Statement ● Tax and Appropriations
For Immediate Release: 
April 29, 2009
Contact Info: 
Katie Grant
Stephanie Lundberg
(202) 225 - 3130

WASHINGTON, DC - House Majority Leader Steny H. Hoyer (MD) spoke on the House Floor today in support of the budget conference report, which passed the House 233-193. Below are his remarks as prepared for delivery:
“Today, the House has the rare opportunity to set America on a responsible course for the future, a course of lasting, broadly-shared prosperity. I urge my colleagues to seize this opportunity. Along with the American Recovery and Reinvestment Act, this budget is a key part our response to this recession. We have the power to emerge from this recession a stronger nation, one with a future of clean energy and energy independence, a workforce ready to compete with the best in the world, and a reformed system of healthcare. We also have a chance to vote for the principles of fiscal responsibility and put ourselves on a truly sustainable course.
“On energy, the budget funds incentives for cutting-edge research and clean energy jobs, as well as an energy-efficient, money-saving national smart grid.
“On education, this budget builds upon the recovery plan with additional support for early childhood education, elementary and secondary school students, and efforts to help more Americans obtain a college degree. It expands access to education in the make-or-break years of early childhood, increases Pell Grants to help more students afford higher education, and promotes job-training and significant education reform.
“On healthcare, this budget responds to the skyrocketing costs that are straining families and businesses across America. Family premiums have more than doubled since 2000, and over the past five years, our total healthcare spending has increased at more than twice the rate of inflation, consuming more of our economy and our budget each year. This budget fights that trend by making a significant down-payment on reform, taking steps to lower healthcare costs, improve quality, and expand access. The budget also allows us to use reconciliation to provide for an up-or-down vote on reforming healthcare—not as an option of first resort, but as a fallback if partisanship blocks progress.
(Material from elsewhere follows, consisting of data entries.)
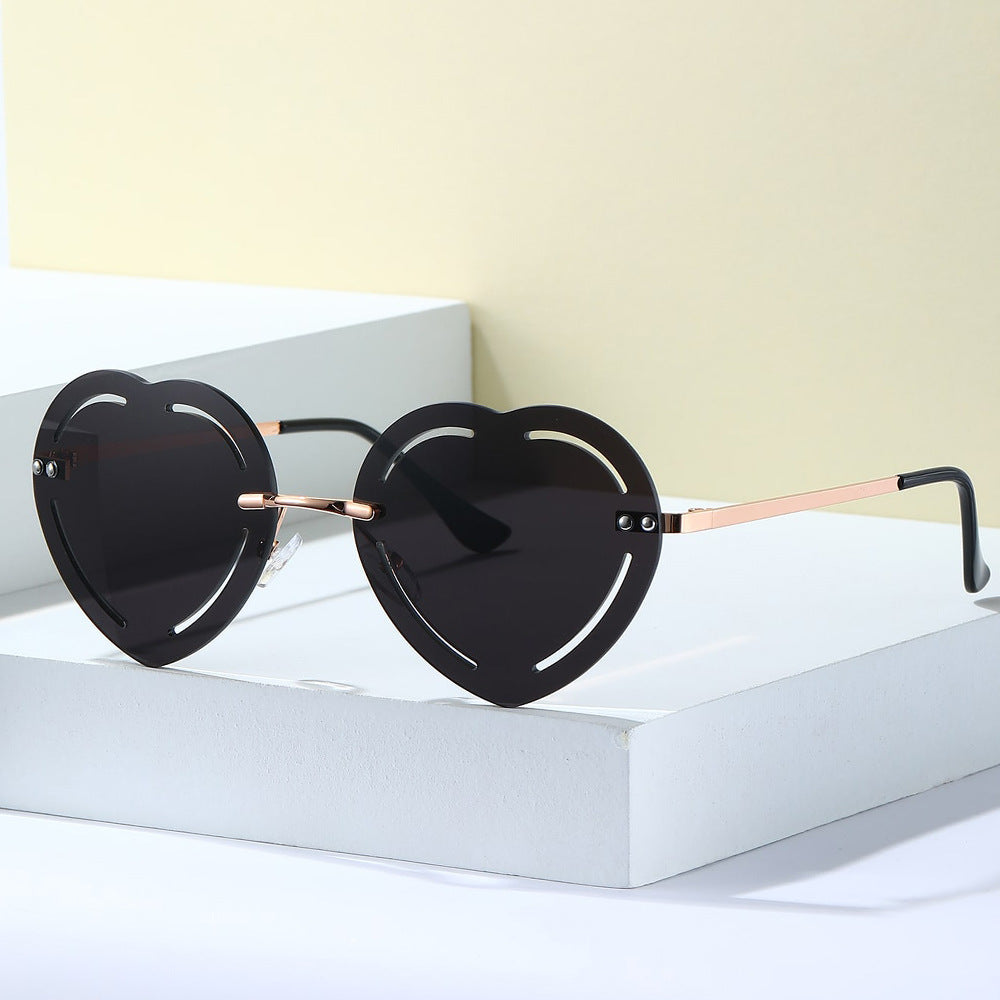 Damer hjerteformet solbrille med stilfull metallramme Skanto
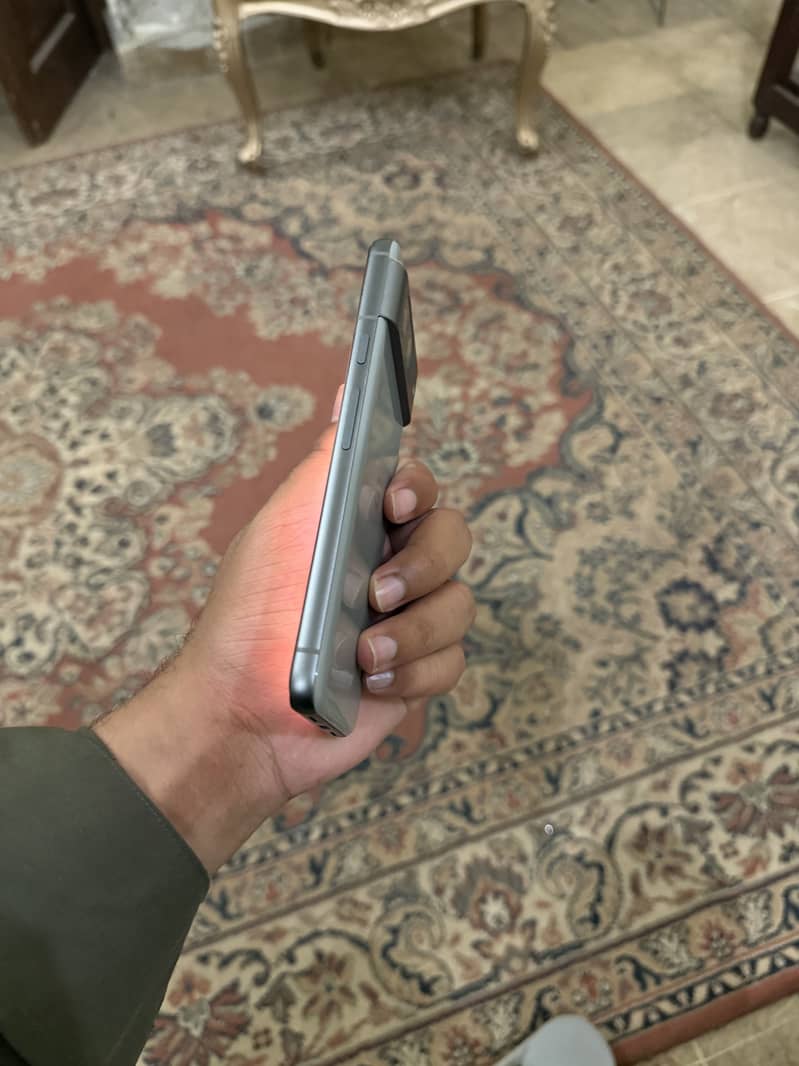 Google Pixel 8 2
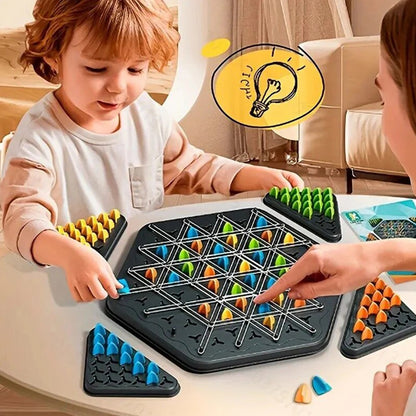 BAND-CHESS ♟️ - Juego de ajedrez triangular con banda de goma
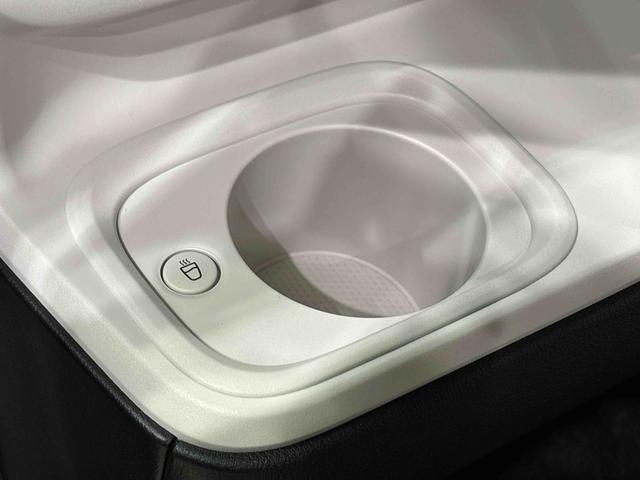 ムーヴキャンバス ストライプスＧ　バックモニター対応　電動パーキングブレーキ　ＬＥＤオートライト・フォグランプ　電動パーキングブレーキ　プッシュボタンスタート　セキュリティアラーム　バックカメラ　両側パワースライドドアウエルカムオープン機能　オート電動格納式ドアミラー（31枚目）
“As the bipartisan Concord Coalition points out, ‘The budget reconciliation process was used in 1997, 1999, 2000, 2001, 2003, and 2005 to reduce taxes (as opposed to deficit reduction). Moreover, a case can be made that health care reform—that includes spending restraints and squeezes inefficiencies out of the system—is integral to reining in the rapid growth of health care costs which is a major driver of deficits.’ I want to stress that last point: It is essential that healthcare reform include difficult choices to cut costs, which will eventually result in a lower deficit.
“All of these investments are vital to our future economic health and competitiveness. As President Obama recently pointed out, ‘A cash-strapped family may cut back on all kinds of luxuries, but will insist on spending money to get their children through college.’ Our country is in the same position—these tough times are no excuse to cut back on investments that will pay off many times over down the road.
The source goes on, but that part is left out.